■ **Exercise description**
While you copy the lines below, skip the pictures and keep the rest exact.

---- Exercise inputs

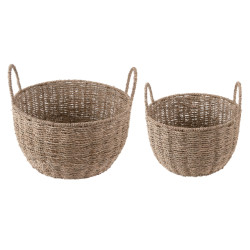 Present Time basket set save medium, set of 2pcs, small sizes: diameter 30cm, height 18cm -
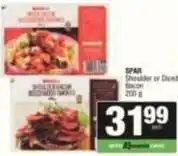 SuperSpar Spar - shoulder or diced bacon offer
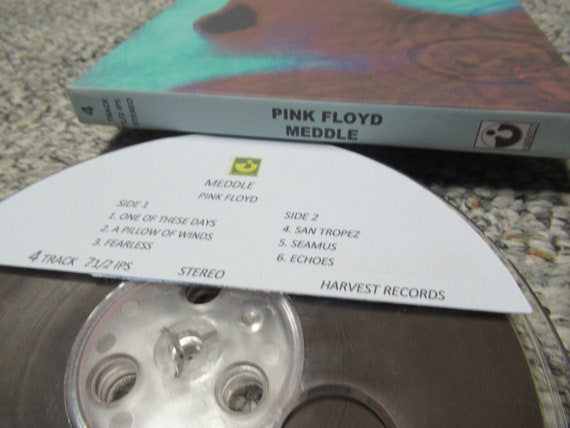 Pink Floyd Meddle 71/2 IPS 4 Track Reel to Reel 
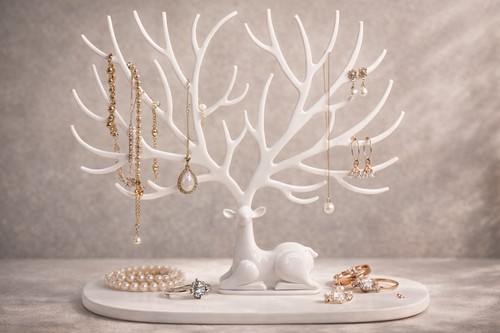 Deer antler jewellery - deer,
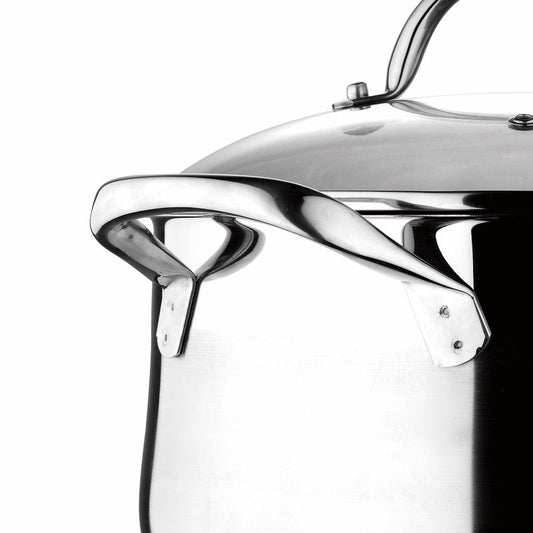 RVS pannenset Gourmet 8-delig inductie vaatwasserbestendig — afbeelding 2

--------

■ **Output**
 Present Time basket set save medium, set of 2pcs, small sizes: diameter 30cm, height 18cm -
 SuperSpar Spar - shoulder or diced bacon offer
 Pink Floyd Meddle 71/2 IPS 4 Track Reel to Reel 
 Deer antler jewellery - deer,
 RVS pannenset Gourmet 8-delig inductie vaatwasserbestendig — afbeelding 2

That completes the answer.